Document Type

Article

Publication Date

2020

Abstract

At the core of U.S. trade law is an under-studied structural dichotomy. On the one hand, well-established statutory authorities enable the President to eliminate trade barriers through negotiations with U.S. trading partners. On the other hand, different, lesser-known authorities allow the President to erect trade barriers on an exceptional basis where necessary for U.S. economic security. Rather than thinking of free trade as a source of or tool for economic security as political theorists long have, our law codifies these authorities as though they are in contrast to one another-allowing departures from the free trade norm when security so demands. Further, the two categories of authorities suffer from a mismatch in what I call "trade delegation disciplines": While Congress kept tight controls on the President's free trade negotiations, it abandoned controls on the exceptional, security-driven authorities, empowering the executive to handle U.S. trade interests in an unbridled way that our nation's Founders feared.

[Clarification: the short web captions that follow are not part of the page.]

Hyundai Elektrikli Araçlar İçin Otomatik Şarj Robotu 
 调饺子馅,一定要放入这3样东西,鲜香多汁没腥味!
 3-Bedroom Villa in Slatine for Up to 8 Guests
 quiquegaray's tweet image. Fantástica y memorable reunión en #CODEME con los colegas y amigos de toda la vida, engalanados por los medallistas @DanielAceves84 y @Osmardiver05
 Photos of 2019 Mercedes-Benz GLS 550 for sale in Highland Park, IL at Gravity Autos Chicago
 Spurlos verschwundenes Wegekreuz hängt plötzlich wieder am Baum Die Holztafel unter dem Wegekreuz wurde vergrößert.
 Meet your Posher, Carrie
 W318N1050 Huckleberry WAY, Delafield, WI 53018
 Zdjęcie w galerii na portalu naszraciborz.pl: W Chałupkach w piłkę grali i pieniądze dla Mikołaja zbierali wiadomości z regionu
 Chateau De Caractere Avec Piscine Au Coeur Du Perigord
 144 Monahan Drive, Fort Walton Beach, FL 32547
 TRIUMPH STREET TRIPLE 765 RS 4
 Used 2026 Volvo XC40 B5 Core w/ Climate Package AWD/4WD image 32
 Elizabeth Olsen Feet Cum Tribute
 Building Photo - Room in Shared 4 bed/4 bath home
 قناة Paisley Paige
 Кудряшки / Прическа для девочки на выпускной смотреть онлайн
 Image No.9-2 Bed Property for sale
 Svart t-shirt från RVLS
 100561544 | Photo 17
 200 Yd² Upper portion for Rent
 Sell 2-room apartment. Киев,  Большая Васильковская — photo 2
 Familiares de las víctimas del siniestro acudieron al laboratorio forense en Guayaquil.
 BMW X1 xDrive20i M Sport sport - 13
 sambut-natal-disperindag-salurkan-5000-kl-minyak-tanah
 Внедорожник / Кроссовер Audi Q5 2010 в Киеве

This Article is the first to identify how trade law has exceptionalized security. It develops an original typology of the categories of congressional delegations that constitute our exceptional trade apparatus. This structural account delivers both positive and normative payoffs. Apart from explaining the institutional terrain, identifying the dichotomy challenges the traditional assumption that all executive departures from the prevailing free trade norm are illegal and illegitimate. The historical record demonstrates that, surprisingly, security exceptionalism in U.S. trade law is the product of misunderstood statutes that have been unmoored from their original purposes. Finally, although the exceptions may be difficult to undo or to correct, this analysis shows that trade law has space for a wide array of innovative and nontraditional disciplines that could serve to limit the damage that exceptionalizing security has caused. A review of those options likewise provides certain lessons for the limitations of the nondelegation doctrine and separation of powers.